The more specific takeaway from Buffett’s comments is that retail investing is difficult. Buffett makes a few really valuable points. The first point is that he couldn’t find any evidence or cite even one example of a retailer that turned around after suffering a major decline in business. Customer tastes change often, and once a retailer loses a step with customers, it is extremely difficult to gain those customers back. Buffett mentions department stores “will keep their old customers that have a habit of shopping there, but they won’t pick up new ones”.

The second point he made is that retail is not just competitive, but that you often don’t have control over how you run your business because you are constantly required to keep up with both the whims of customer tastes and also match whatever your competitors are doing. Buffett has said before that his Baltimore department store would see the competitor across the street offer some special promotion for the weekend, forcing Buffett’s store to offer the same discount or else lose business. It’s a game that forces you to react in ways that you might not want to, but have to.

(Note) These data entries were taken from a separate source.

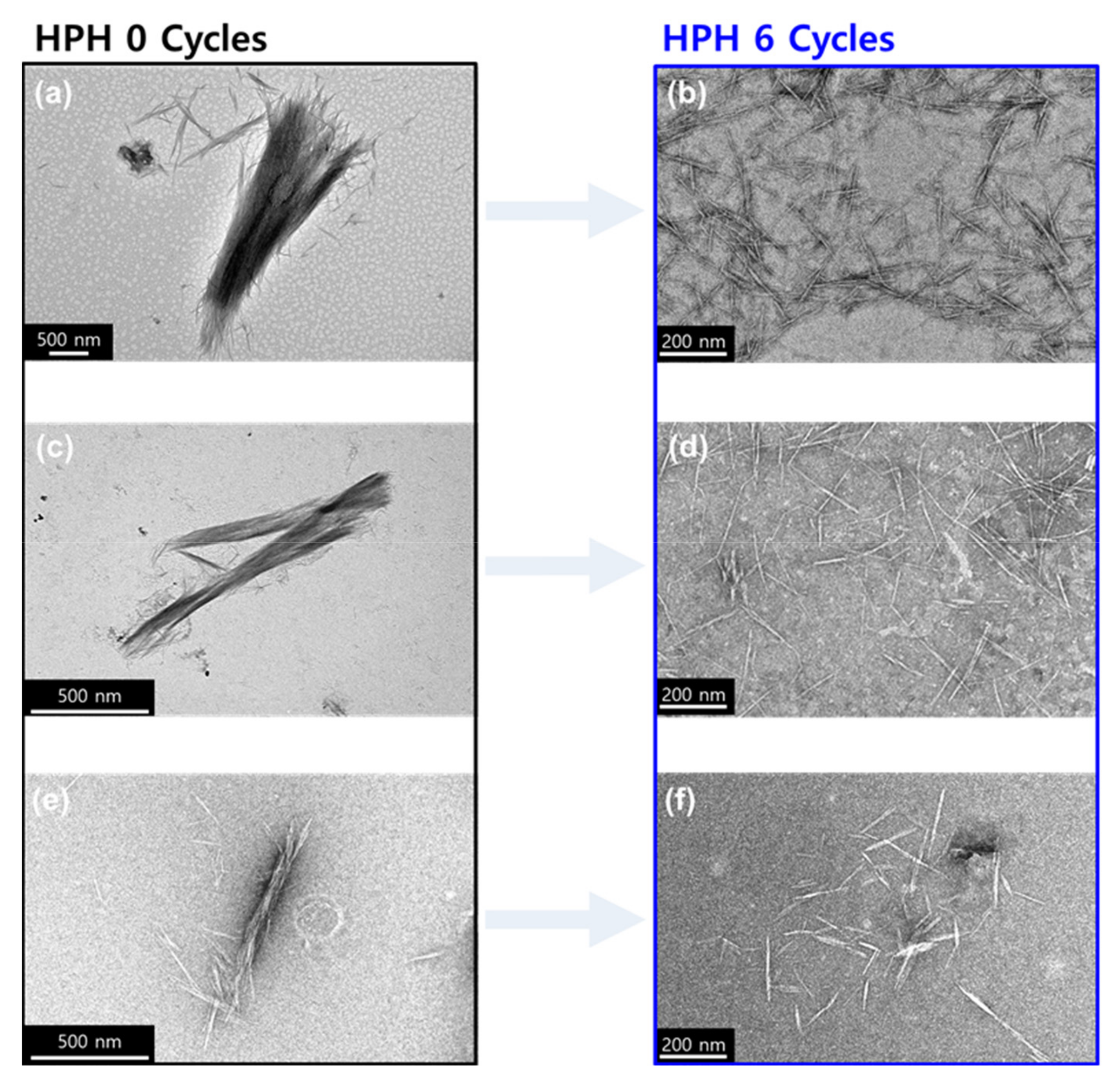 Materials 14 06463 g002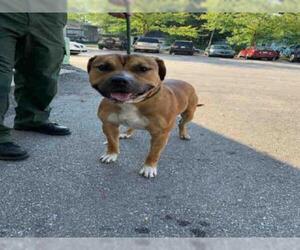 American Bulldog Dogs for adoption in Saginaw, MI, USA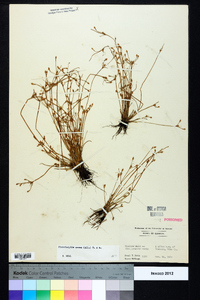 Fimbristylis annua image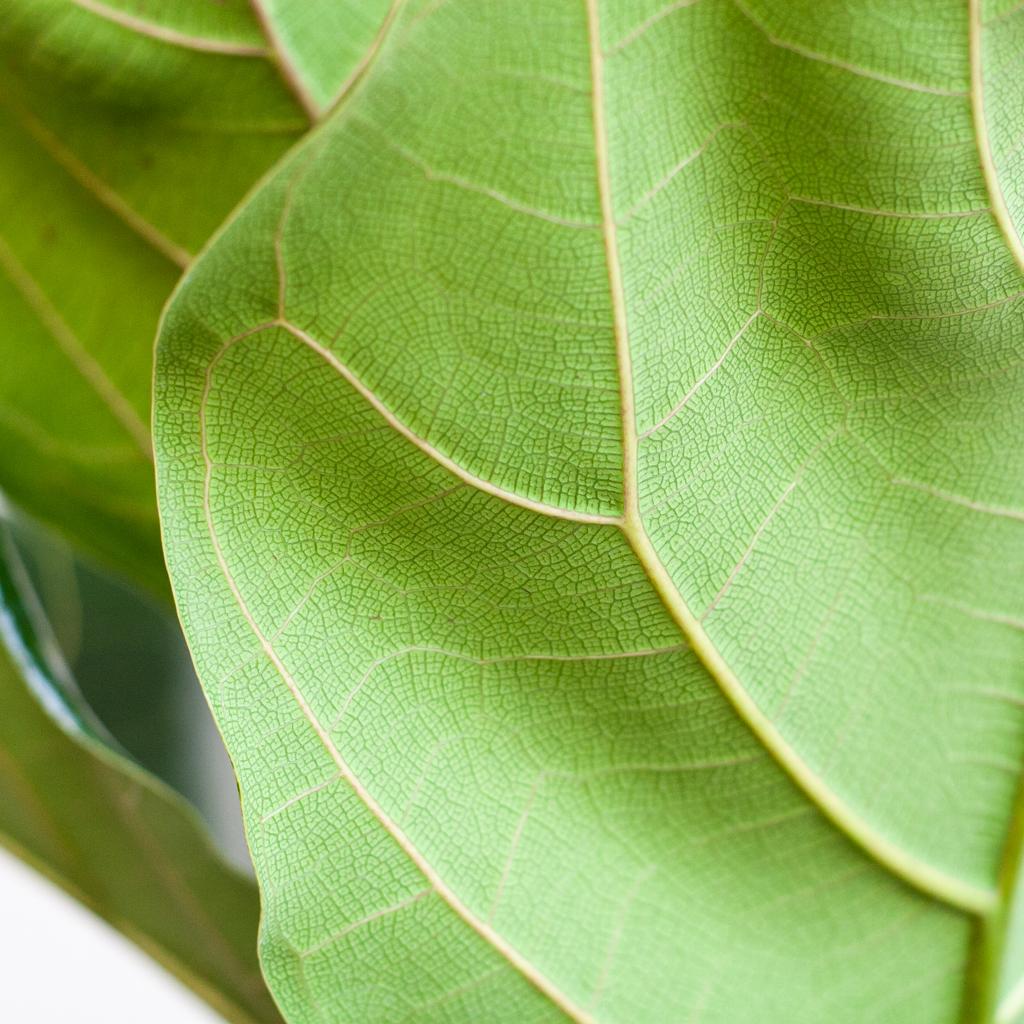 🌿 Ficus Lyrata – Vioolbladplant met Viber Pot Grijs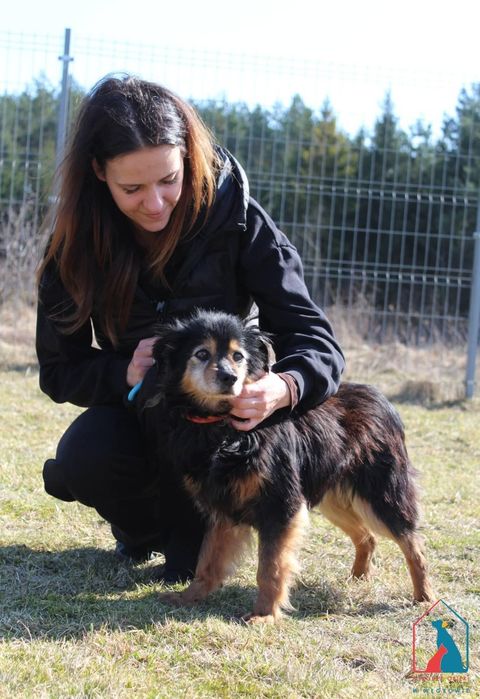 Józek 103/26 - SZUKA DOMU!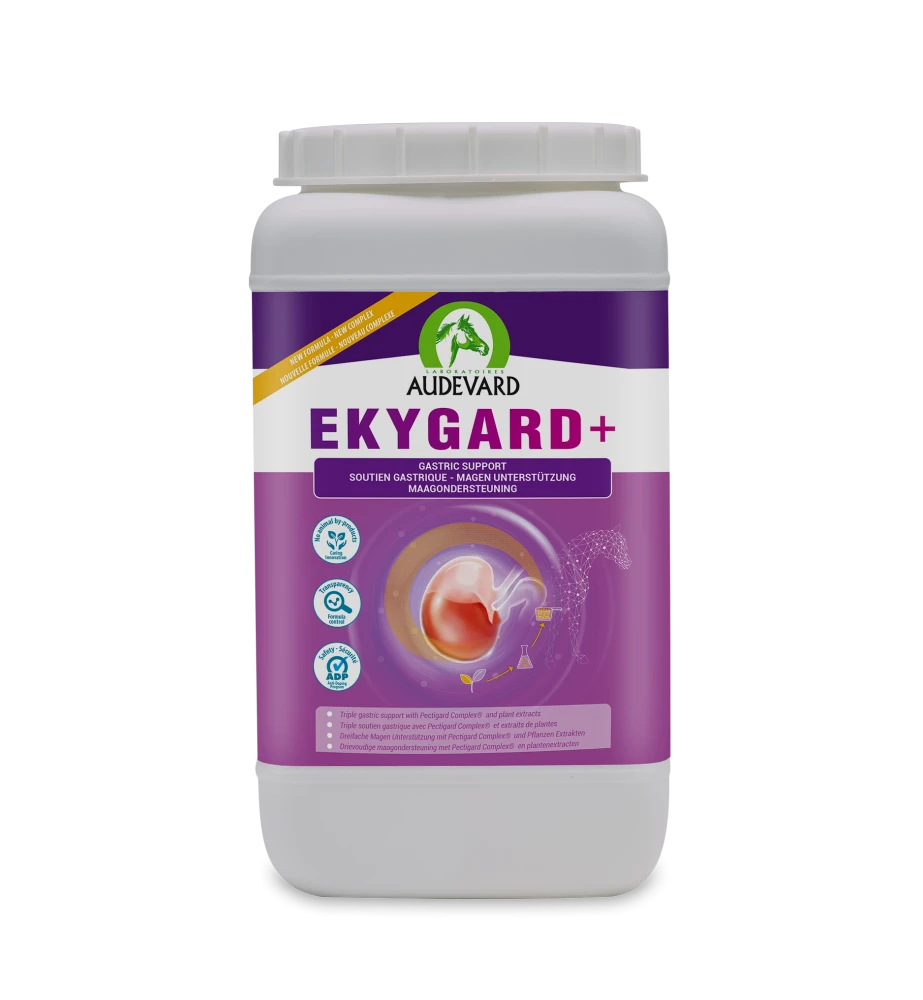 Audevard Ekygard + 1 Audevard Ekygard +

The third point is that even a high-quality manager can’t save a retail business that has lost its way. Buffett learned this first-hand with not just Hochschild-Kohn, but also with Associated Cotton. The latter was a business run by a manager that Buffett praised as an outstanding operator numerous times in his early Berkshire Hathaway annual letters, but despite the high-quality, cost-conscious manager, the business ended up liquidating for pennies on the dollar a decade or so later.